I congiunti del titolo sono quelli che si ritrovano di fronte a un notaio a leggere le ultime volontà del comune padre (Gioele Dix), un patriarca ingombrante in vita e in morte che, dopo un’uscita di scena che ricorda quella di Mario Monicelli, fa da voce narrante.
In realtà i fratelli in origine sarebbero cinque, sparsi tra l’Italia e la Francia e avuti da tre madri diverse, ma si presenta anche una ragazza, Luisa (Valentina Bellè), figlia di un’amante di cui nessuno sapeva. I sei scoprono che l’eredità consiste in un allevamento di ostriche sommerso dai debiti e devono decidere cosa fare, ragion per cui si troveranno una settimana bloccati in Francia a condividere la stessa casa. Saranno costretti a confrontarsi, ognuno con idee e ragioni diverse. L’inevitabile cortocircuito tra tante personalità sarà occasione di chiarimenti epocali ma anche di preziosa autoanalisi individuale.

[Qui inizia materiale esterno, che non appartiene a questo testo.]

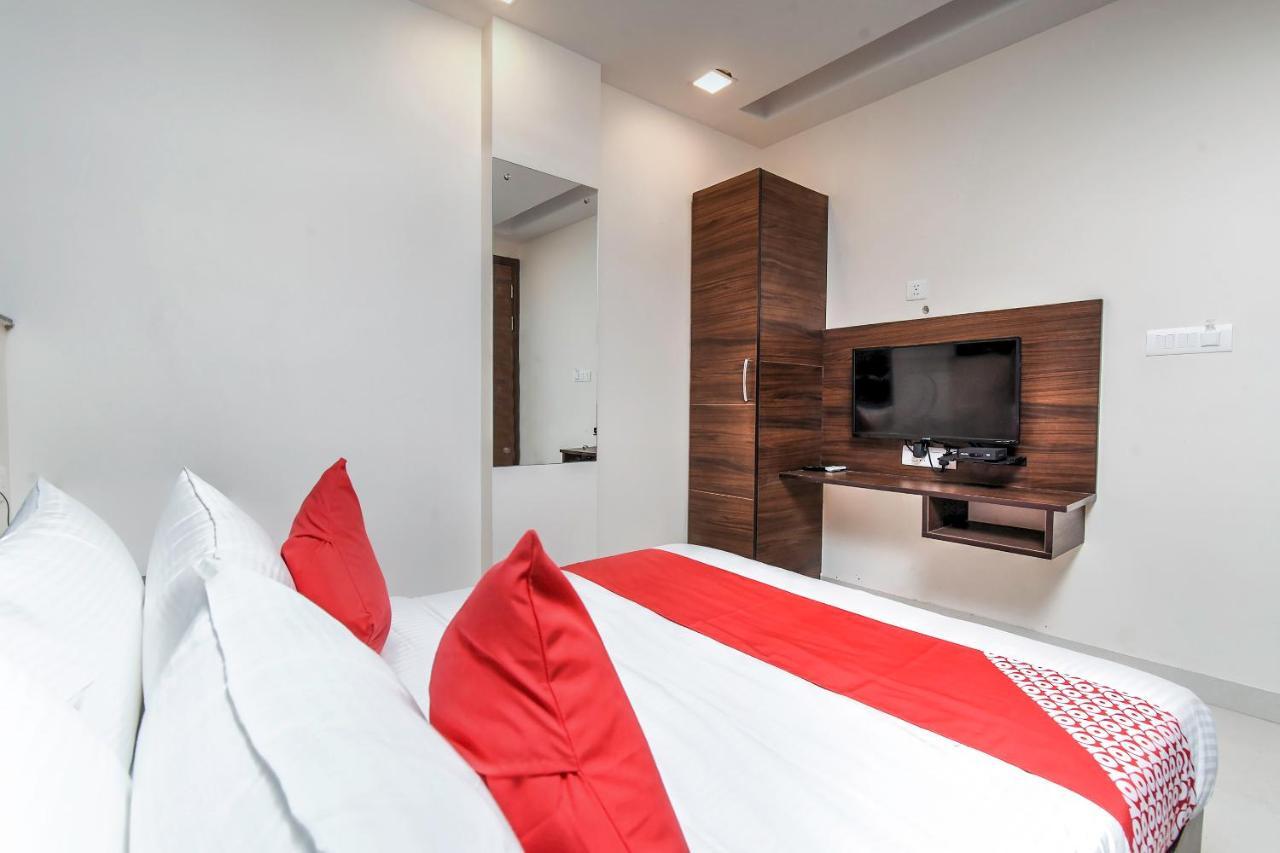 Oyo 80678 Shreenath Residency 新德里 外观 照片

I personaggi sono cesellati e variopinti: sono esseri umani dotati di illusioni e demoni, nonché di etichette difficili da svestire. Il ventaglio è estremamente ampio. C’è Guido (Adriano Giannini),il buono della situazione, che ha divorziato ma non si riesce a lasciarsi il passato alle spalle; c’è Marco (Riccardo Scamarcio), presentatore televisivo insoddisfatto e in crisi con la moglie Giorgia (Linda Caridi); poi Leo (Gabriel Montesi), impulsivo e viscerale, che da anni non parla più proprio con Giorgia e Marco. Infine i due fratelli francesi: Gaelle (Claire Romain) che fugge ogni volta all’ultimo istante di fronte al matrimonio e il giovane e disadattato Mattia (Mati Galey), innamorato della vicina di casa. Il film è uno sguardo prolungato su una vicinanza per loro inusitata e in cui esplodono tensioni decennali.
Scene di gruppo si alternano a confronti a coppie in un racconto in cui è presente anche un po’ d’umorismo che scorre sottotraccia e affiora solo in punti strategici.
Tra qualche eccesso didascalico e altrettanti momenti di stasi, il ritmo è forse il punto debole di un film in ogni caso godibile per l’autenticità. Simone Godano, già regista di "Marilyn ha gli occhi neri", in “Sei fratelli” sposa i toni dolceamari della grande commedia all’italiana al garbo e alla sobria eleganza formale delle commedie d’oltralpe.
Insomma, nonostante le differenze territoriali e sociali, questi individui irrequieti, volubili e poco avvezzi al compromesso, piegati da scelte sbagliate e guerre sotterranee, hanno poco a che spartire con la coralità sopra le righe alla Muccino.
Esistono parentesi di serena fratellanza e autentica comunione che appianano il chiasso dannoso di anni interi e cancellano silenzi colpevoli, questo ci dice “Sei fratelli”.
Dietro l’angolo, nel finale, uno scorcio liberatorio in cui scorre amore senza compromessi di sorta, anche se non promette di durare più di un istante magico perché è alla vita che vuol assomigliare, non al cinema, ed è a quella che regala senso.